Jane Eyre by Esther Freud




On the bicentenary of Charlotte Brontë’s birth


Jane Eyre

by Esther Freud





Esther Freud

Esther Freud

Saturday 16 April 2016 08.00 BST


I was 14 or 15 and living on the top floor of a communal house in a small village in Sussex when I first read Jane Eyre. It was the most romantic book I’d come across, and it ignited in me the idea – surely already smouldering – that there was someone out there who would see the grand heroine that was really me, and not the “small, plain” person I presented. I had a bedroom with a balcony that looked out over a large terraced garden, and I used to lean over it and see if I could catch sight of the current object of my affections, a married man who lived on the ground floor, with whom I was carrying on a romance of epic proportions, fuelled only by an occasional glance in my direction, the offer of a lift to the next village and, once, the soulful handing over of a flower. I found out later that he was in fact having an affair with the woman who rented two rooms on either side of the front door, and although in that instance – and, sadly, in many others – my intuition was out, it was Jane Eyre’s psychic ability to know when she was being called to that has stayed with me most profoundly. When I next read the book, and recently, while listening to Rachel Joyce’s luminous adaptation on the radio, I was struck by the extraordinary directness with which Rochester and Jane communicate. It thrills me, as it must have thrilled readers in 1847, how their talk transcends convention – cutting through politeness, forcing an intimacy that leaves them reeling, altered.

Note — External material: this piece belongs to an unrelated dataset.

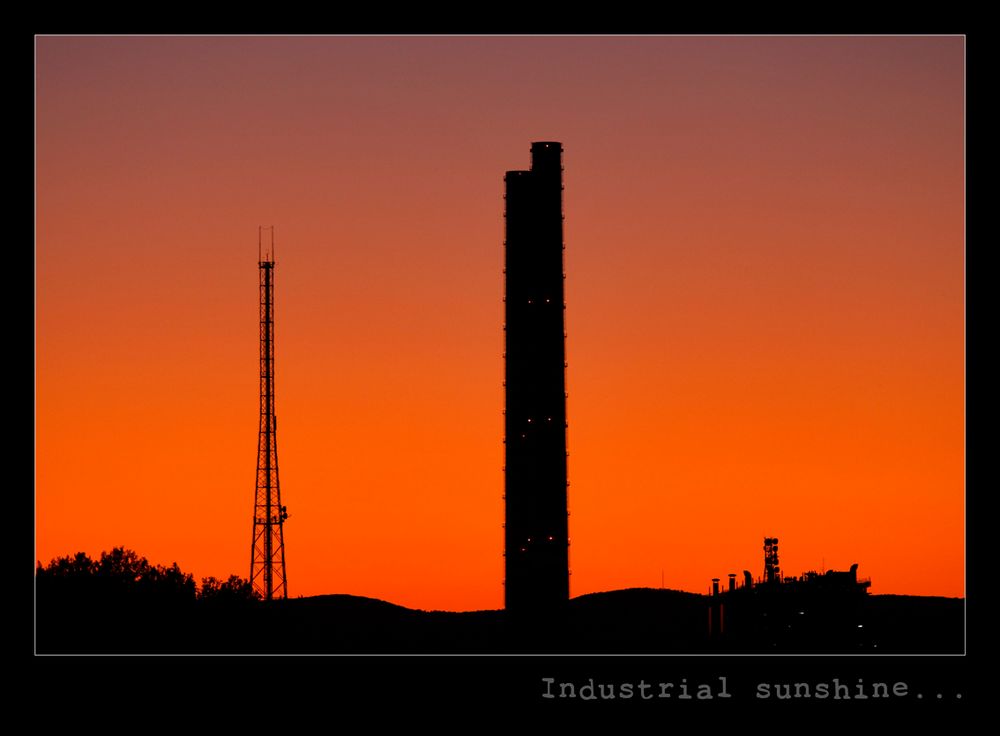 Industrial sunshine...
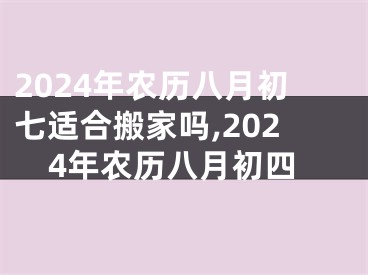 2024年农历八月初七适合搬家吗,2024年农历八月初四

“Your smile did not strike my heart for nothing,” Rochester tells Jane when she saves him from the fire, and then, noticing she is shivering with cold and shock, he tells her she must go. But she can’t go. He still has hold of her hand. It is this yearning, this connection, this idea that there is something out there bigger than us, that makes so many readers – me among them – respond to Brontë’s masterpiece so powerfully.